= Lucie Madeleine d'Estaing =

French noblewoman

Lucie-Madeleine d’Estaing (1743–1826), was a French noblewoman, mistress to Louis XV from 1760 to 1763. She was the king's Petite maîtresse (unofficial mistress), not his Maîtresse-en-titre (official mistress).

== Life ==
She was born as the illegitimate daughter of Charles François d'Estaing, vicomte de Ravel, marquis de Sailhant, and Magdeleine Erny de Mirfond. In 1760, she was recruited to be a petite maîtresse (unofficial mistress) of the king in Parc-aux-Cerfs by Dominique Guillaume Lebel.
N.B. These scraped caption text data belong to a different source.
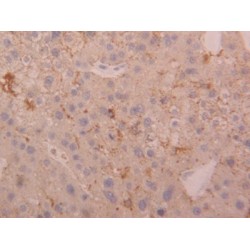 Cathepsin D (CTSD) Antibody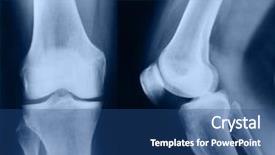  Presentation with joints - Beautiful presentation theme featuring bone fracture - x-ray picture showing knee joints backdrop and a ocean colored foreground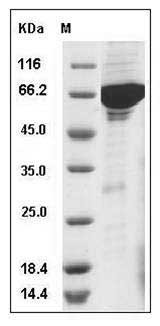 Human VRK1 Protein (His & GST Tag) SDS-PAGE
She served as the king's lover with Marguerite-Catherine Haynault, who lived in the Parc-aux-Cerfs at the same time and alternated with her, one replacing the other in the king's bed during their pregnancies; Louise-Jeanne Tiercelin de La Colleterie was also housed there, while Anne Couppier de Romans had refused and was given her own house. She had two daughters with the king: Agnès-Lucie Auguste (1761-) and Aphrodite-Lucie Auguste (b. 1763-), who were officially registered with 'Lucie Citoyenne' and 'Louis Auguste' as parents. Her daughters were both taken from her, raised in the convent school Chaillot, and given noble status, dowries and arranged marriages with noblemen as adults.

The king discontinued their relationship in 1763. In 1768, she was legitimized by her legitimate half-brother Charles Henri Hector d'Estaing who gave her the estate and income of Ravel, and she married count François de Boysseulh (d. 1807).